Small-businesses don’t have the same clout, and most are still stuck with high-cost plans. According to a 2009 Deloitte Consulting survey, plans with fewer than 100 participants paid 2.03% in total fees, on average. But the trends going in the right direction.
First, pending federal legislation and regulations will require complete transparency in fees.
Second, the Pension Protection Act of 2006 confirmed that independent investment advisors may advise 401(k) plans. The dominant plan providers—the big insurance companies and brokers—now have competition in the small-business 401(k) market.
A registered investment advisor, who should assume a co-fiduciary relationship with the plan trustee, can work in tandem with a plan administrator that provides recordkeeping and other administrative services. The two entities combined can offer full 401(k) services that are as seamless as those offered by a single company, often reducing total plan expenses.
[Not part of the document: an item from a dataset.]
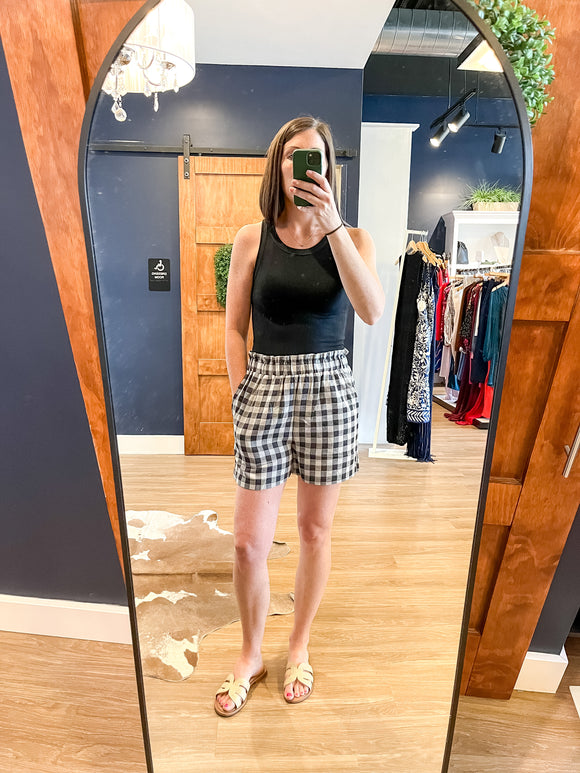 Black Gingham Shorts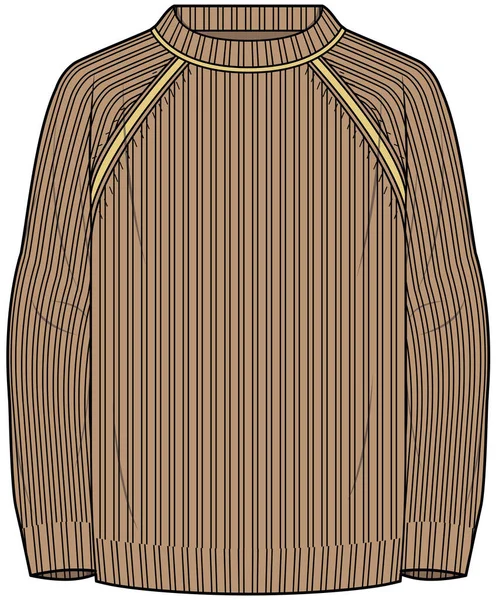 Vecteur Rib Cew Sweater — Image vectorielle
As more competition enters the small 401(k) market, small employers can now find providers that charge much lower fees and offer excellent funds
Small-business owners and managers should look for the following in a plan:
- Total fees of less than 1.25 percent a year. Some small-business plans charge participants 3 percent a year or more to cover investment management, broker’s commissions, and recordkeeping, an outrageous amount. These high fees come out of the employees’ investments, meaning they’ll have less for retirement. Most broker- and insurance-sold plans lack fee transparency. In some plans, you have to peel the onion a few layers to reveal total plan fees.
- A diverse selection of low-cost, high-quality funds. Plans that offer mutual funds from only one or two fund families don’t give participants enough choice. There should be a choice of well-regarded funds from different companies. Investment selections should go beyond ordinary stock and bond funds, to include, for example, natural resources and inflation-protected securities funds.
- Careful monitoring of fund managers. The plan trustee must keep close tabs on the performance of all mutual funds in the plan. If any consistently underperform, they should be replaced. This is the same kind of monitoring any good investment advisor is already doing for its individual clients.
- Participant education. The plan provider should offer investment seminars, quarterly market commentaries, and general investment advice via email and a telephone hotline.
About the Author
Jonathan M. Bergman, CFP®, is vice president and chief investment officer of Palisades Hudson Financial Group, a financial advisor in Scarsdale, NY, with branch offices in Atlanta and Fort Lauderdale.